Hux doesn’t blink as he watches his past self fly into the console, but the loud _crack_ takes him by surprise. The impact seems harsher, more final than what he remembers happening. No wonder he had lost consciousness. The hairs on the back of his neck prickle in anger, and he clenches his hands into fists. He can’t believe that Ren had left him there for the duration of the battle, lying lifeless like that.

“I know all of this, Ren. I lived it. What is it that I _don’t_ know about?” Hux scoffs, ready to be done with this silly vision, this cruel reminder of how callously Ren had treated him, and resign himself to leaving with no proper answers. But the scene before him carries on, and Hux watches as one of the lieutenants crouches by his unconscious body. He brushes a hand against the general’s mussed hair, clearing it away from his face. Hux sneers—no one of such lower ranking should be allowed to touch him in such a vulnerable. Not thinking, he drifts over, clearing his throat and about ready to tear into the man for his impertinence when something catches his eye.

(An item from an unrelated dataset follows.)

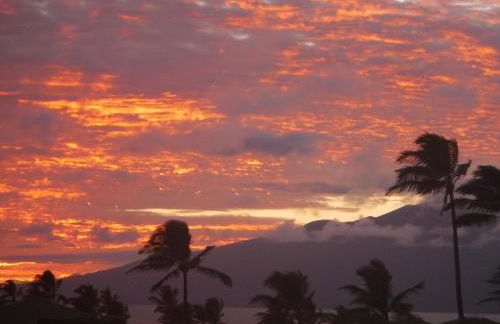 Ground Floor & ac - kbv11g2 - Sullivan Properties - Photo 33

Blood. Running from the base of his old self’s skull, pooling onto the floor of the cockpit. Far too much blood.

Hux’s heart freezes solid, in his chest, lips parting in horror.

No. It couldn’t be.

_“Supreme Leader…” The lieutenant’s voice wavers as the vision begins to dissolve, changing, “you must…the general, he’s…”_

The cockpit vanishes into oblivion. Hux floats, stunned, struggling to make sense of it all. It’s impossible. Impossible. Kylo had thrown him, yes, but he’d woken in the medbay, been informed of the Resistance’s escape from Crait, lived through the aftermath and beginnings of Ren’s reign. It must be a cruel joke, born of Ren’s mad, corrupted mind. What other explanation is there?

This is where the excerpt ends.